While still in the grip of his post-cinema daze, Mr Phillips comes to the end of the street and steps into the roadway without, it has to be admitted, looking left or right. A big white van swerves and comes to a stop about a foot away from him, so that he is looking straight into the face of its driver, which is first pale and then red. If the driver had reacted say.01 of a second more slowly Mr Phillips would have been run over. As part of Mr Phillips’s mind is registering this fact, another part is noting that this vehicle was bound to have been a white van. In London, it always is.
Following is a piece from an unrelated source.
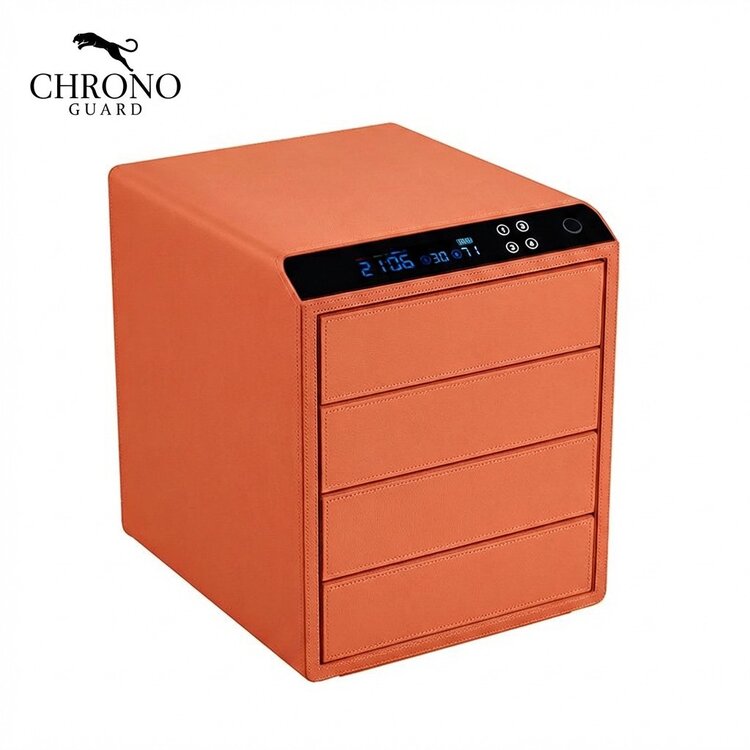 Chronoguard Switzerland Schubladensafe 4 mit Fingerprint Hermes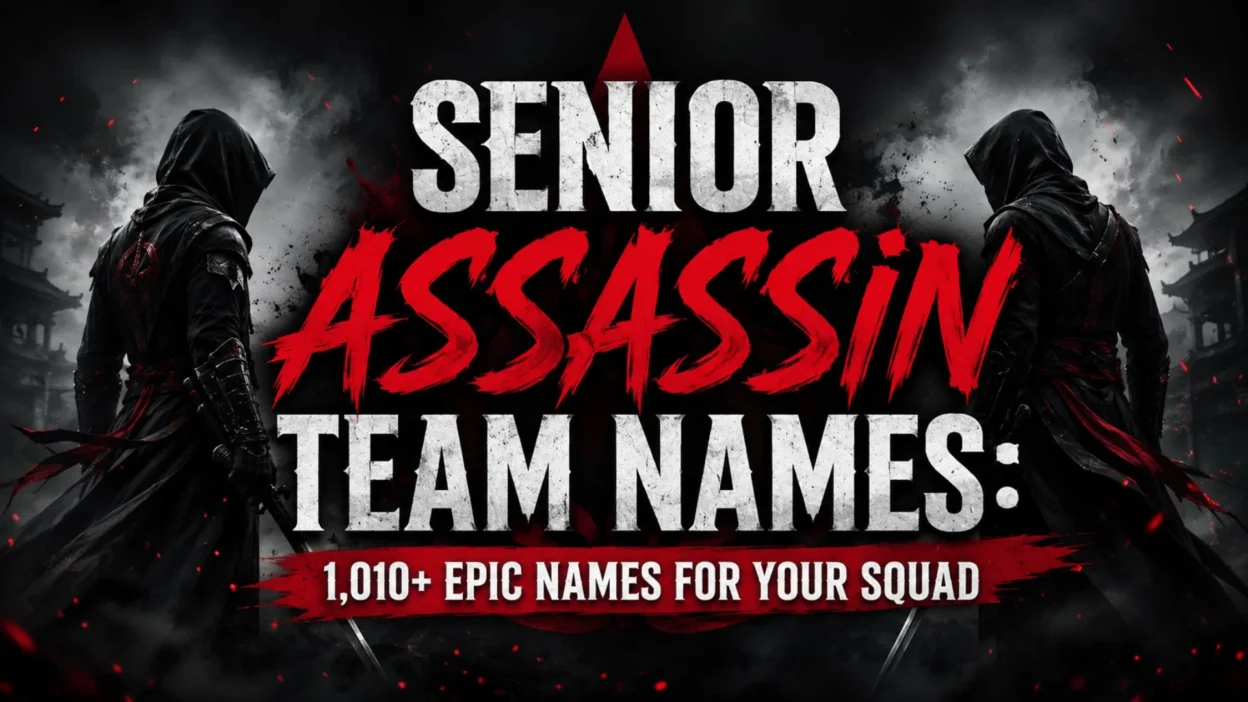 Senior Assassin Team Names 1,010+ Epic Names for Your Squad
It must be either because (a), the vans tended to belong to self-employed small businessmen, who as a type were noted for being aggressive, impatient, right wing, unashamed about tactics of late payment and intimidation; (b), the vans tended to be driven by men working for large companies in some delivery and/or menial capacity, and so because the drivers had no stake in the vans they drove them aggressively, intimidatingly, recklessly, heedless of the full insured capital value; (c), there was something about white vans that made the people who drove them become irrationally aggressive — i.e., white vans made drivers go insane; (d), there was something about white vans that made aggressive men want to drive them — i.e., only people who were already insane drove white vans.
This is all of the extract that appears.